Go to the line below that contains "Aging And Rehabilitative". From there to the end of the records, reproduce each line exactly, except the pictures.

□ □ □ □ □

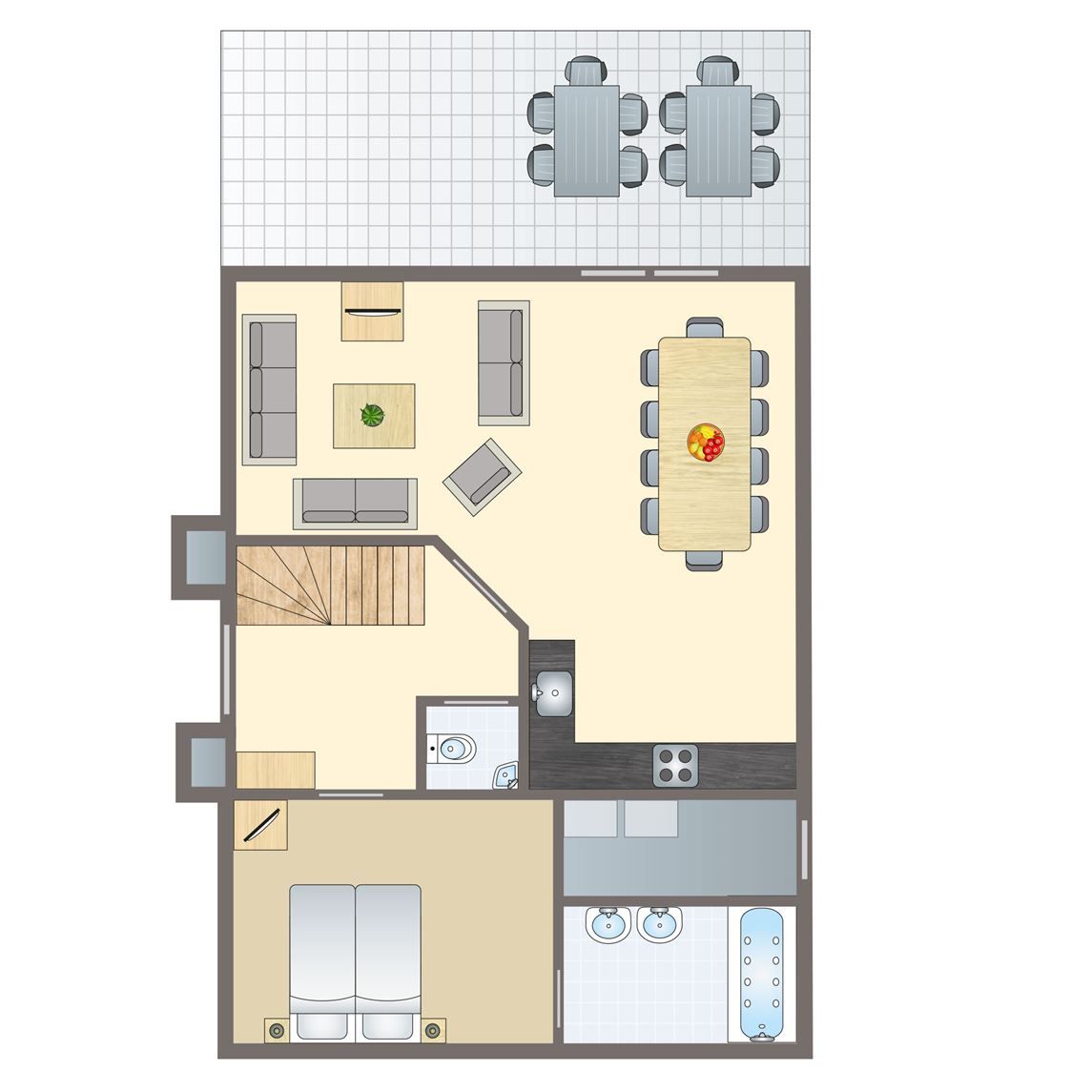 Unterkunft 394518 - Bungalow Zuid Limburg - Kasteeldomein De Cauberg | 10-persoons villa | 10L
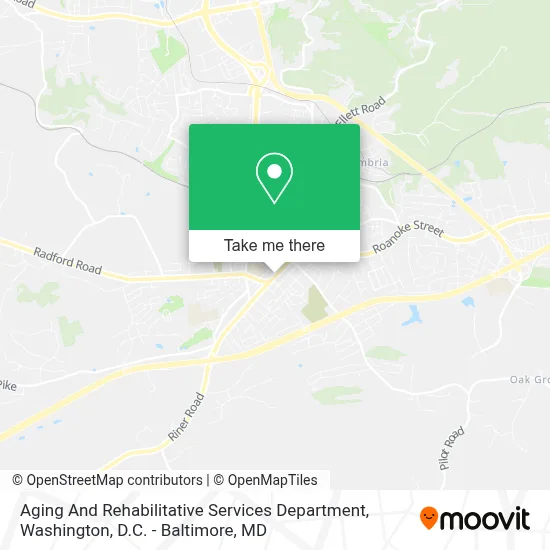 Aging And Rehabilitative Services Department map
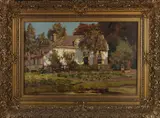 H. Bogman jr., Boerderij, Olieverf op linnen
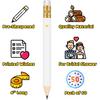 50Pcs - Bridal Shower Sharpened Half Pencils with Erasers, Pre-sharpened Pencils for Bridal Shower & Wedding Games, 4 Inches (White - Miss to Mrs.)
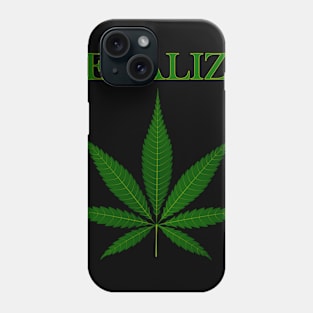 Legalize Weed Pot Leaf Marijuana Ganja Kush Political Statement Phone Case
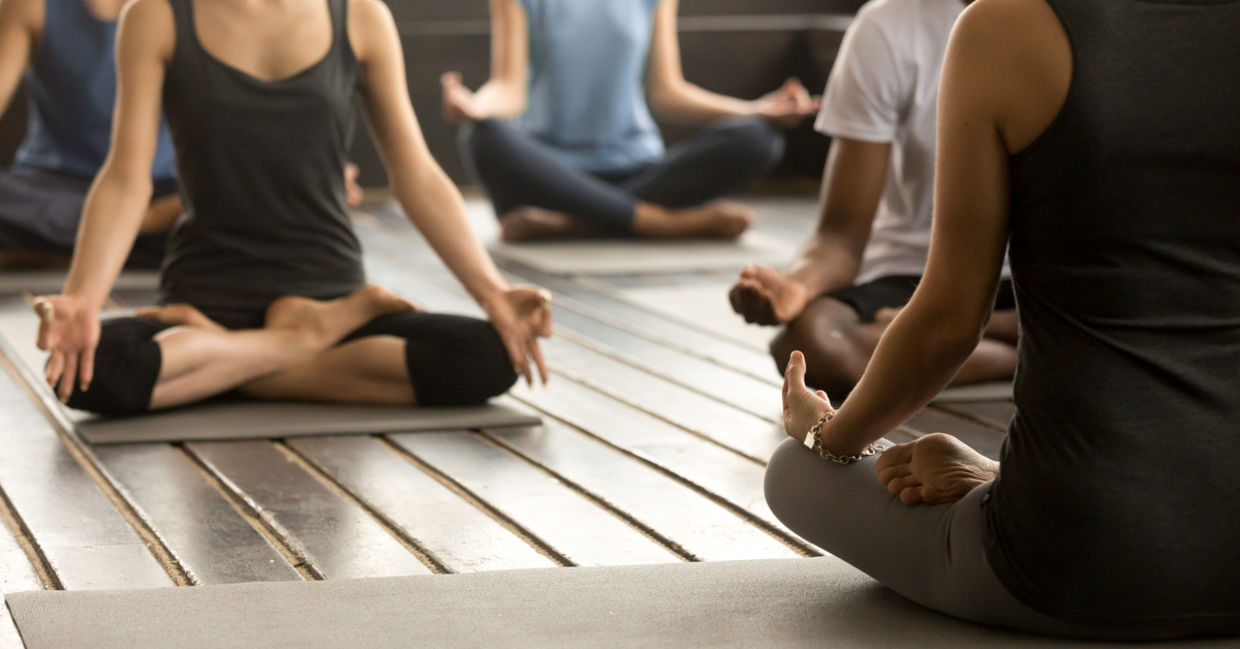 Donated yoga class. Donated yoga class.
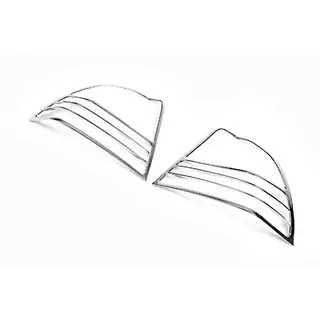 Krom covers til baglygter (2002-2004, 2 stk., plast) Toyota Corolla 2002–2007 foto 2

□ □ □ □ □

Output of the exercise:
 Aging And Rehabilitative Services Department map
 H. Bogman jr., Boerderij, Olieverf op linnen
 50Pcs - Bridal Shower Sharpened Half Pencils with Erasers, Pre-sharpened Pencils for Bridal Shower & Wedding Games, 4 Inches (White - Miss to Mrs.)
 Legalize Weed Pot Leaf Marijuana Ganja Kush Political Statement Phone Case
 Donated yoga class. Donated yoga class.
 Krom covers til baglygter (2002-2004, 2 stk., plast) Toyota Corolla 2002–2007 foto 2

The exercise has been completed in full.